If the universe is infinitely finite, an entity whose mystery is knowable only through an evolving progression of theories and equations, it's nothing compared to a marriage. Every marriage or long-term partnership is knowable only to the people inside it -- and sometimes not even then.
The Theory of Everything tells the story of genius theoretical physicist Stephen Hawking's marriage to the former Jane Wilde, though of course it can tell that story only from the outside.
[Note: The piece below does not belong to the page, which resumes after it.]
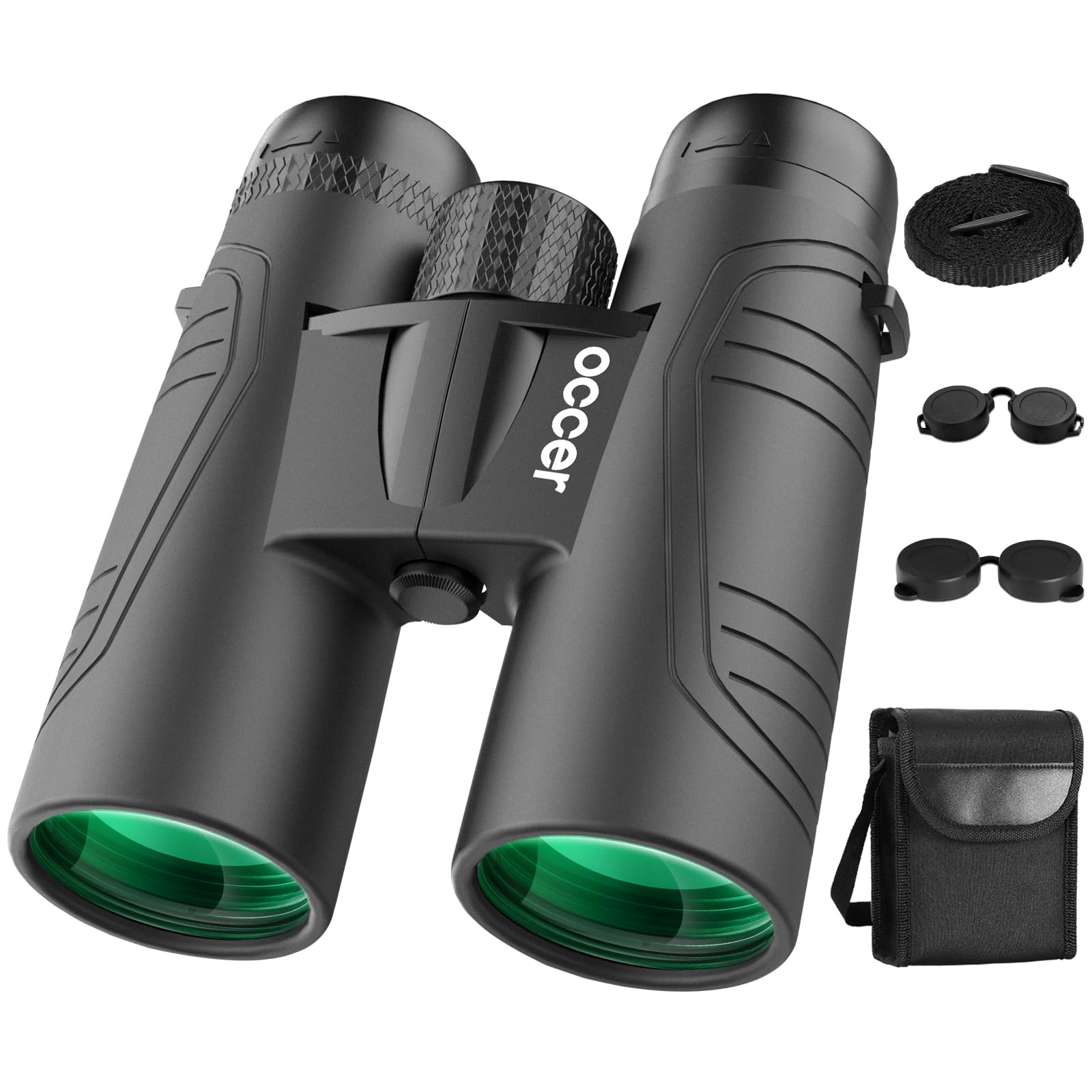 Occer 15X42 Binoculars For Adults High Powered - Hd Lightweight Travel Hunting Binoculars With Clear Low Light Vision For Bird Watching, Whale Watching, Camping -Black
You can see why fellow student Jane (Felicity Jones), well-bred, well-mannered, and pot-of-cream pretty, would be attracted to him. Not long after the two finally get together, a doctor informs Stephen he has only about two years to live. Jane decides that she wants to make a life with him anyway. Holding babies will become more difficult as Stephen's motor capabilities deteriorate, but he manages anyway — at every stage, Stephen, as Eddie Redmayne plays him, radiates the joy of being in such close proximity to a tiny new being. His fame grows, but the strain of looking after him -- while also raising three children -- begins to wear on Jane. '
The Theory of Everything may slightly sanitize the truth, whatever that is: This is, after all, a story told from the point of view of an ex-wife. And the film is as polished as a piece of fine walnut furniture. But it's striking, at times even piercing, for the way it infiltrates some universal realities of marriage. If the secrets of making marriage work were a science, then geniuses might be able to help us through it. As it is, even brainiacs like Stephen Hawking have to muddle through just like the rest of us.